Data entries
BEGIN

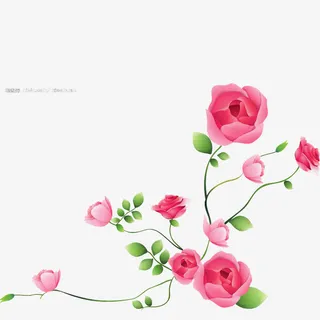 花边 手绘 花丛 边框 底纹免抠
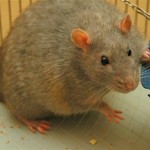 brown rat picture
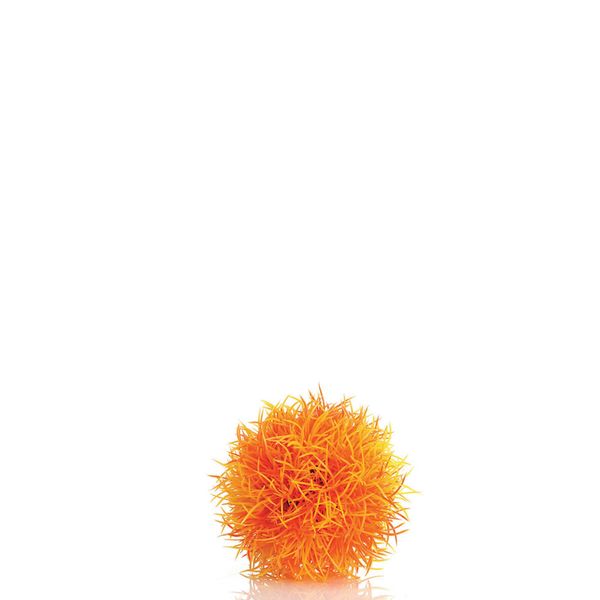 biOrb decobal oranje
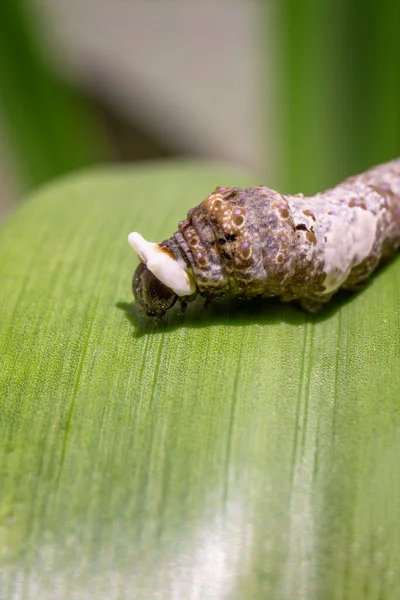 Closeup Caterpillar Green Leaf — Stock Photo, Image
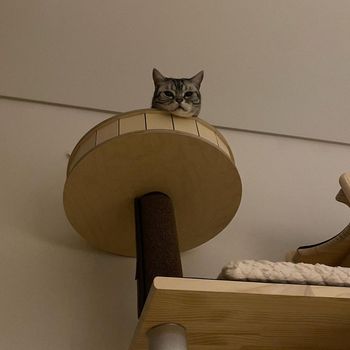 Potret kucing milik Ahn Hyo Seop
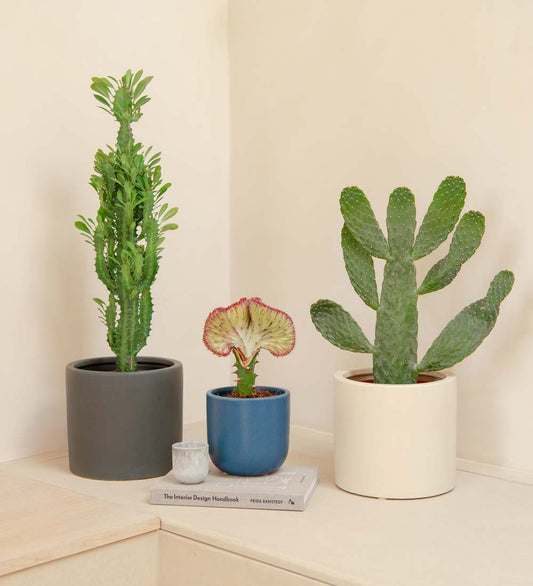 Cacti Bundle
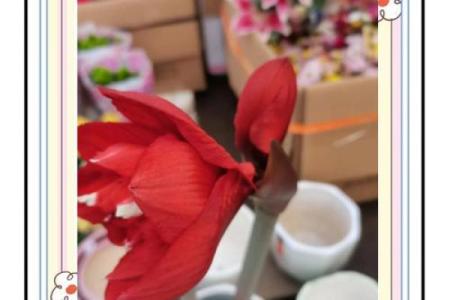 红色是吉利还是不吉利呢 红色是吉利还是不吉利呢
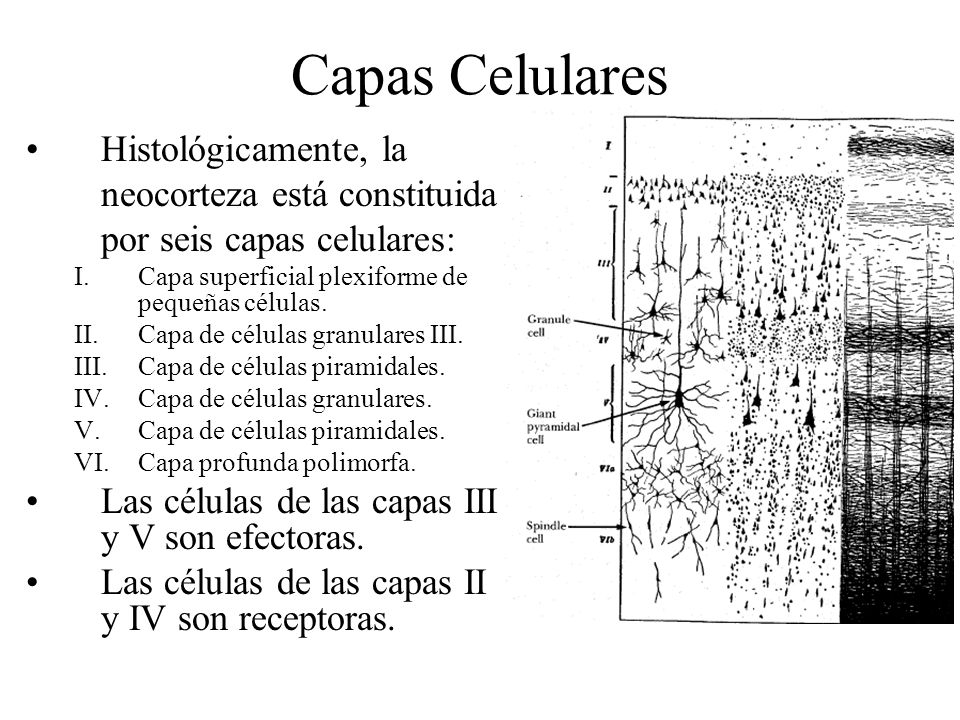 Capas Celulares Histológicamente, la neocorteza está constituida por seis capas celulares: Capa superficial plexiforme de pequeñas células.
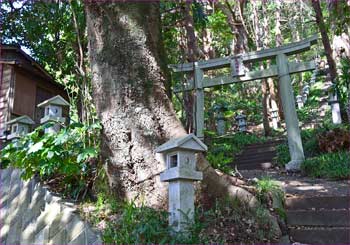 浅間神社鳥居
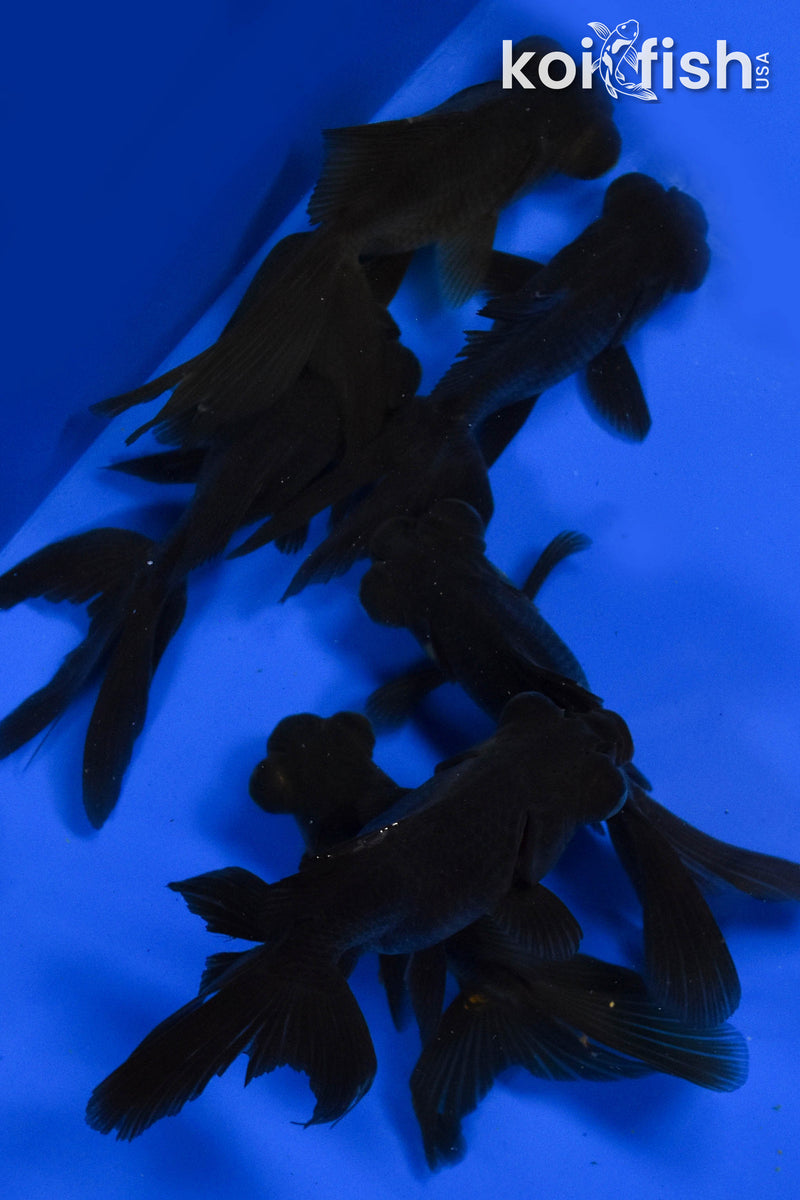 (FIVE) 4-5" Black Moor Goldfish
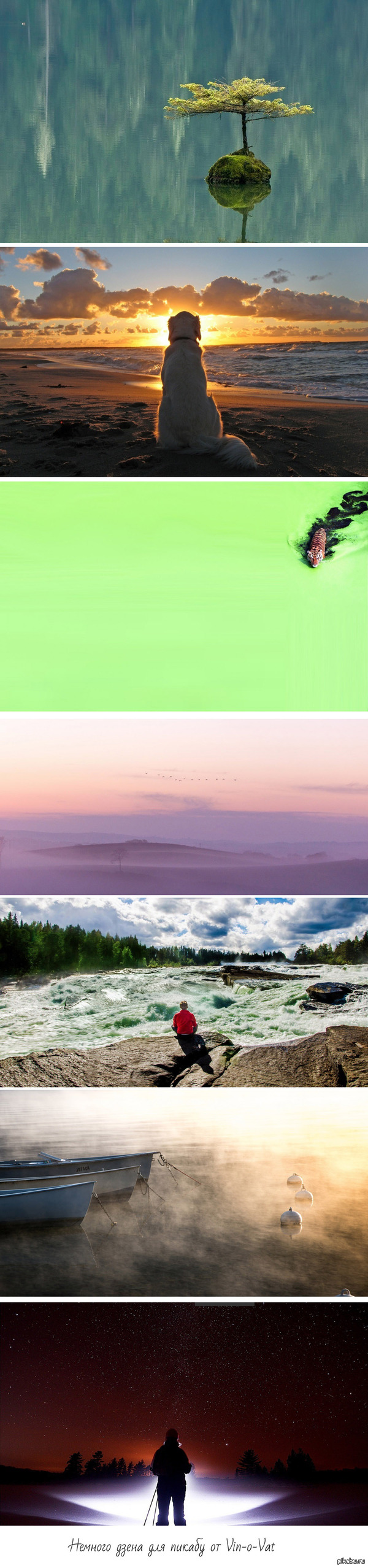 ������� ����� � ����������� �� ������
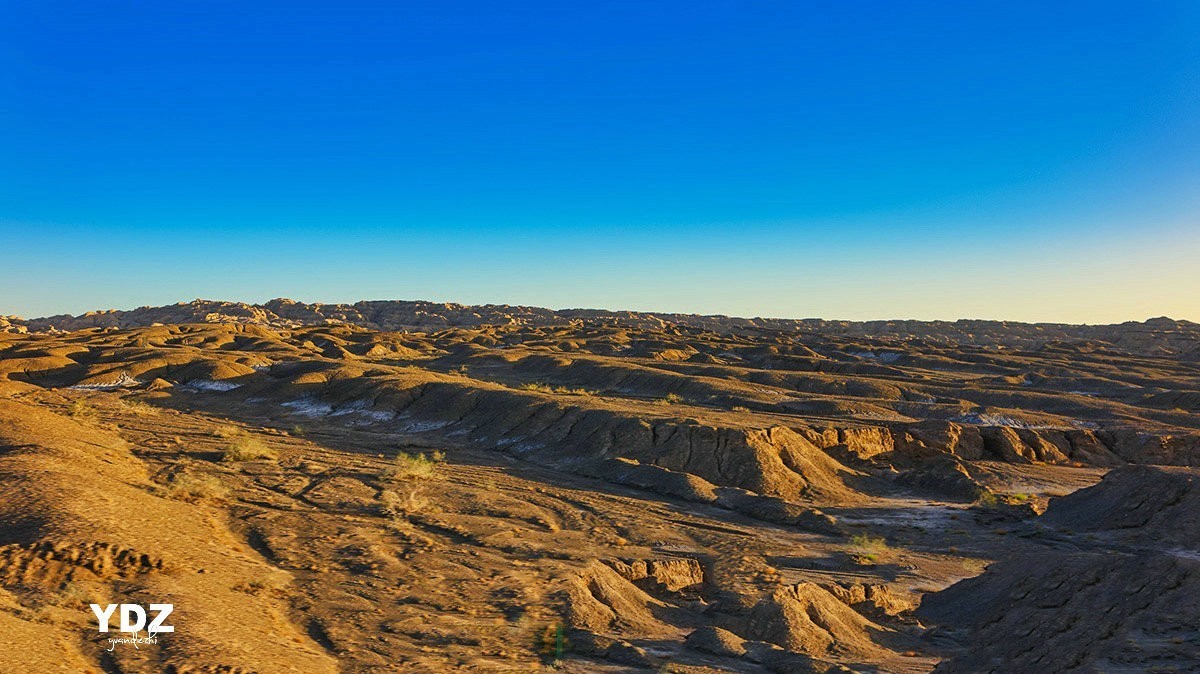 库尔勒的荒原 (3)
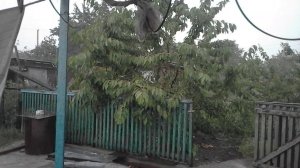 Молния ударила в дерево!!!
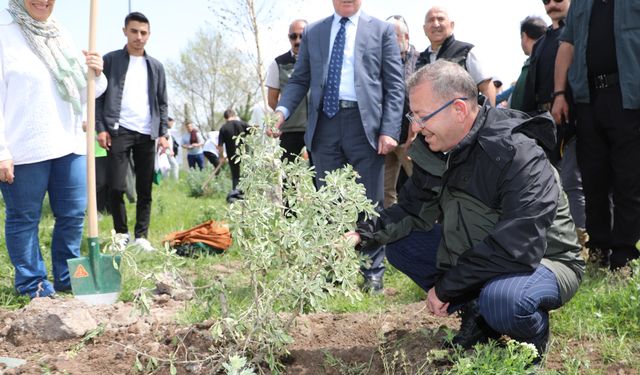 Kars Kafkas Üniversitesinde fidan dikimi etkinliği düzenlendi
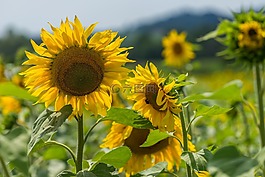 性質(zhì),花,太陽花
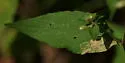 Liriomyza limopsis - photo 5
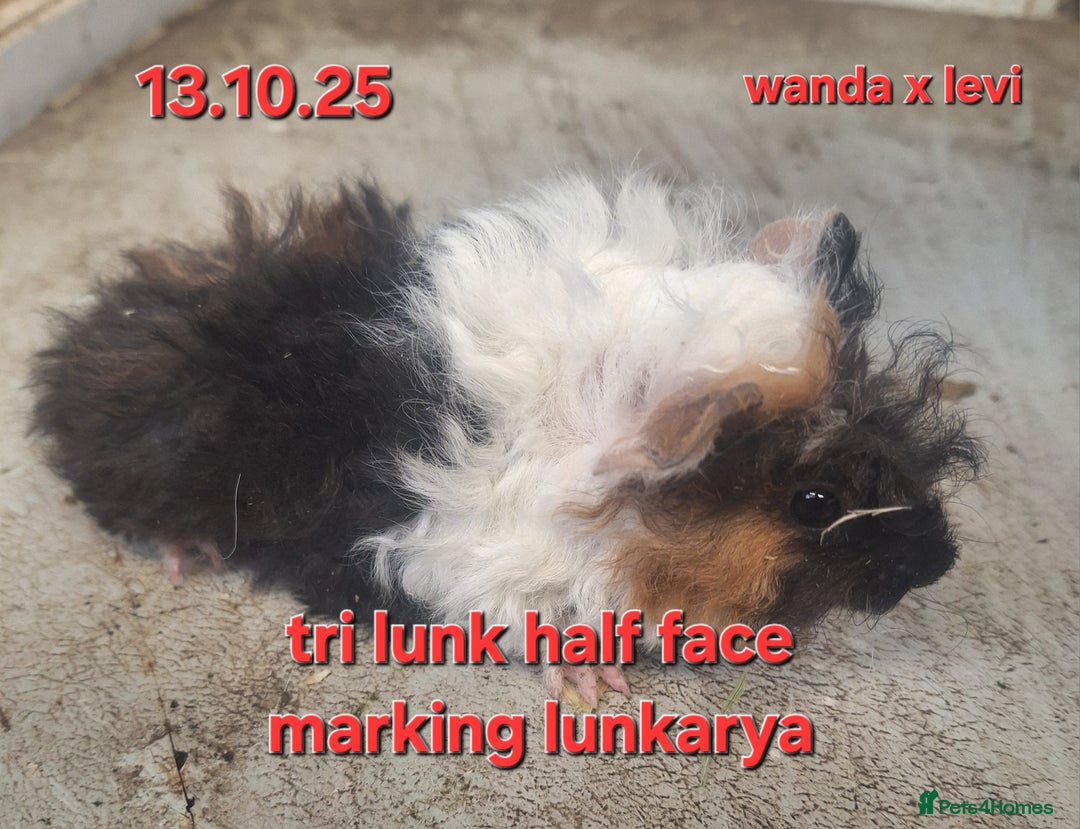 Guinea Pig rodents for sale: Baby female guinea pigs - Advert 4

END

**Exercise goal:**
Exactly as written, repeat the lines from the beginning of the entries up to and including the line with "Молния ударила в дерево!!!", but not the pictures.

**Solution for this task:**
 花边 手绘 花丛 边框 底纹免抠
 brown rat picture
 biOrb decobal oranje
 Closeup Caterpillar Green Leaf — Stock Photo, Image
 Potret kucing milik Ahn Hyo Seop
 Cacti Bundle
 红色是吉利还是不吉利呢 红色是吉利还是不吉利呢
 Capas Celulares Histológicamente, la neocorteza está constituida por seis capas celulares: Capa superficial plexiforme de pequeñas células.
 浅間神社鳥居
 (FIVE) 4-5" Black Moor Goldfish
 ������� ����� � ����������� �� ������
 库尔勒的荒原 (3)
 Молния ударила в дерево!!!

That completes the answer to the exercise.